Maxims for Revolutionists
by [?]

You cannot believe in honor until you have achieved it. Better keep yourself clean and bright: you are the window through which you must see the world.

Your word can never be as good as your bond, because your memory can never be as trustworthy as your honor.

PROPERTY

Property, said Proudhon, is theft. This is the only perfect truism that has been uttered on the subject.

SERVANTS

When domestic servants are treated as human beings it is not worth while to keep them.

The relation of master and servant is advantageous only to masters who do not scruple to abuse their authority, and to servants who do not scruple to abuse their trust.

The perfect servant, when his master makes humane advances to him, feels that his existence is threatened, and hastens to change his place.

Masters and servants are both tyrannical; but the masters are the more dependent of the two.

A man enjoys what he uses, not what his servants use.

Man is the only animal which esteems itself rich in proportion to the number and voracity of its parasites.

Ladies and gentlemen are permitted to have friends in the kennel, but not in the kitchen.

Domestic servants, by making spoiled children of their masters, are forced to intimidate them in order to be able to live with them.

In a slave state, the slaves rule: in Mayfair, the tradesman rules.

HOW TO BEAT CHILDREN

If you strike a child, take care that you strike it in anger, even at the risk of maiming it for life. A blow in cold blood neither can nor should be forgiven.

If you beat children for pleasure, avow your object frankly, and play the game according to the rules, as a foxhunter does; and you will do comparatively little harm. No foxhunter is such a cad as to pretend that he hunts the fox to teach it not to steal chickens, or that he suffers more acutely than the fox at the death. Remember that even in childbeating there is the sportsman’s way and the cad’s way.

RELIGION

Beware of the man whose god is in the skies.

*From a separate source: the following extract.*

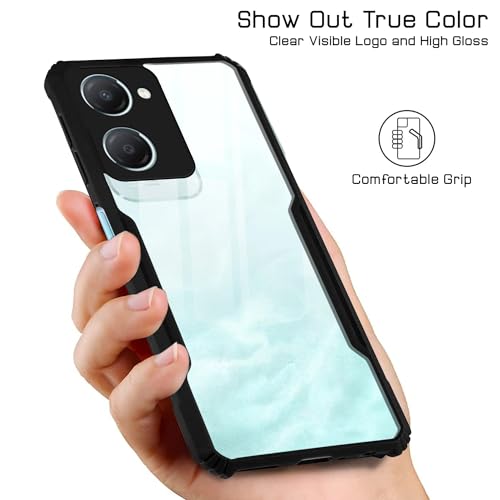Image of Jkobi Back Cover Case for Vivo iQOO Z9 Lite (Shockproof with Polycarbonate Clear Panel | Professional Black)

What a man believes may be ascertained, not from his creed, but from the assumptions on which he habitually acts.

VIRTUES AND VICES

No specific virtue or vice in a man implies the existence of any other specific virtue or vice in him, however closely the imagination may associate them.

Virtue consists, not in abstaining from vice, but in not desiring it.

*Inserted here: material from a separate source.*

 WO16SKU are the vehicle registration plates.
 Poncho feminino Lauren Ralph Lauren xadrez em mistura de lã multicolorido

Self-denial is not a virtue: it is only the effect of prudence on rascality.

Obedience simulates subordination as fear of the police simulates honesty.

Disobedience, the rarest and most courageous of the virtues, is seldom distinguished from neglect, the laziest and commonest of the vices.

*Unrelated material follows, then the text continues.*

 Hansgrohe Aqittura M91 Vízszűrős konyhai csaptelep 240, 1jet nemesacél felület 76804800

Vice is waste of life. Poverty, obedience, and celibacy are the canonical vices.

Economy is the art of making the most of life.

The love of economy is the root of all virtue.

FAIRPLAY

The love of fairplay is a spectator’s virtue, not a principal’s.

GREATNESS

Greatness is only one of the sensations of littleness.

In heaven an angel is nobody in particular.

Greatness is the secular name for Divinity: both mean simply what lies beyond us.

If a great man could make us understand him, we should hang him.

We admit that when the divinity we worshipped made itself visible and comprehensible we crucified it.

To a mathematician the eleventh means only a single unit: to the bushman who cannot count further than his ten fingers it is an incalculable myriad.

The difference between the shallowest routineer and the deepest thinker appears, to the latter, trifling; to the former, infinite.

In a stupid nation the man of genius becomes a god: everybody worships him and nobody does his will.

BEAUTY AND HAPPINESS, ART AND RICHES

Happiness and Beauty are by-products.

Folly is the direct pursuit of Happiness and Beauty.

Riches and Art are spurious receipts for the production of Happiness and Beauty.

He who desires a lifetime of happiness with a beautiful woman desires to enjoy the taste of wine by keeping his mouth always full of it.